Perhaps suitably for an artist whose professional career spanned five decades, an audience’s relationship with Alex Toth — without doubt, one of the finest cartoonists of the 20th century — was almost certainly dependent on their age, and the manner in which they’d come in contact with his work in the first place.
For older readers, Toth was a comic book mainstay. He graduated the School of Industrial Art in 1947 and, despite his desire to follow in the footsteps of artistic heroes Milton Caniff, Alex Raymond and Hal Foster by becoming a newspaper strip artist, ended up at what would become DC Comics drawing superhero strips. He stayed at the publisher for five years, working on titles like Green Lantern, All-Star Comics, and — when the superhero craze died down — All Star Western.
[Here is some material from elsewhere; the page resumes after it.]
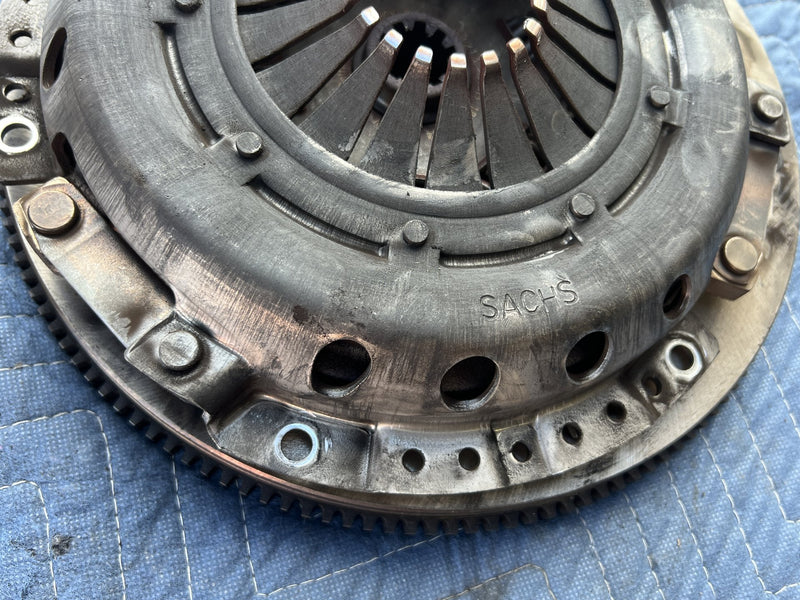 1978 Volvo 240 242 - Flywheel  PN: 2T1213 1861352444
Iconic editor Julius Schwartz would even describe him as “my best artist of all time” in a later interview, so beloved was he at the time.
Within two years of quitting DC Comics, he was living his dream. Well…at least kind of. By 1954, he was drawing a newspaper strip, after a fashion… but he was doing it for Depot Diary, the newspaper of the army base he was stationed at in Japan, after having been drafted. It was actually his second time doing strip work, but the first under his own name; he’d ghosted the Casey Ruggles strip for creator Warren Tufts a couple years earlier without credit, one of a number of ghost artists on the strip that also included Superman artist Al Pastino.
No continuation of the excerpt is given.